- Ahles in Kankakee, Illinois c. 1950
- Born: 1924
- Died: 1981 Amherst, Massachusetts
- Scientific career
- Fields: Botany
- Institutions: University of Illinois University of North Carolina at Chapel Hill New York Botanical Garden

= Harry E. Ahles =

American botanist

Harry E. Ahles (1924–1981) was an American botanist.

==Biography==
Harry Ahles was born in 1924. Although he had no formal education beyond high school, his profound botanical knowledge allowed him to enter the botanical profession as an herbarium curator at the University of Illinois.

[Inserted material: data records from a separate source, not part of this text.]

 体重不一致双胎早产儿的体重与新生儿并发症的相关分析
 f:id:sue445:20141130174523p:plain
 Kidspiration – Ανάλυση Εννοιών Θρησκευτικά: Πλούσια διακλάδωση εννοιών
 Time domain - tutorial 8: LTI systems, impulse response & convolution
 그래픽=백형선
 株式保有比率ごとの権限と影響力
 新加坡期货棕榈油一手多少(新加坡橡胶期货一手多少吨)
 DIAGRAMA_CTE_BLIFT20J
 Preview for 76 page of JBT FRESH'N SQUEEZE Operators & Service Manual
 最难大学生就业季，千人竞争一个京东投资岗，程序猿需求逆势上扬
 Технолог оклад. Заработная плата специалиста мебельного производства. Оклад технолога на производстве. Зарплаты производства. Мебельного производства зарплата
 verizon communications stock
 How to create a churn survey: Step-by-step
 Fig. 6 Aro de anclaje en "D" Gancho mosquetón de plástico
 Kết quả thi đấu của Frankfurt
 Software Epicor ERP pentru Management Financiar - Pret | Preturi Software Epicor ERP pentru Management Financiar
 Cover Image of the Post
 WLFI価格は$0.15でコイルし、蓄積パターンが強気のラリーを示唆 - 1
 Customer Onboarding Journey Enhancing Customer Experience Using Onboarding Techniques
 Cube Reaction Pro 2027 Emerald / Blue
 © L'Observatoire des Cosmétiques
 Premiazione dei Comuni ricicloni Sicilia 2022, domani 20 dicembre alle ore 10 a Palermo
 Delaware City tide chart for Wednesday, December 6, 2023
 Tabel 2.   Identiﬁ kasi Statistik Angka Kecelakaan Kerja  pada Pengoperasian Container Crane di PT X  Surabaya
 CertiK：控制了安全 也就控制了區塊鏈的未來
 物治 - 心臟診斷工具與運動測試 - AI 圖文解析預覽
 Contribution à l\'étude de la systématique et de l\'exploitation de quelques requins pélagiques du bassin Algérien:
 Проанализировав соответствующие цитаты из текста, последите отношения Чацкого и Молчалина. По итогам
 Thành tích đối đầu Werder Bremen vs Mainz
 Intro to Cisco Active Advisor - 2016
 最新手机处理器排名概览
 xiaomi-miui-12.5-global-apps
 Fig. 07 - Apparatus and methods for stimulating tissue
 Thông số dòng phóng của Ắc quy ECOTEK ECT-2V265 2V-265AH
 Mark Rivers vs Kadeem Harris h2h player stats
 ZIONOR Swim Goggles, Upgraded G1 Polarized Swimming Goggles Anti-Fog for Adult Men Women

He later followed Ritchie Bell to North Carolina to study the flora of that state, becoming the herbarium curator of the University of North Carolina, Chapel Hill in 1956. Albert E. Radford, Ahles, and Bell published the Manual of the Vascular Flora of the Carolinas in 1968 as a result of these researches. Ahles left Chapel Hill in 1966 due, in part, to his dislike of the installation of air conditioning in the herbarium. He took a position at the University of Massachusetts at Amherst.

Ahles collected over 200,000 specimens while at Chapel Hill, and was similarly active at Amherst, where he built a log cabin atop Horse Mountain for his residence. He died in 1981.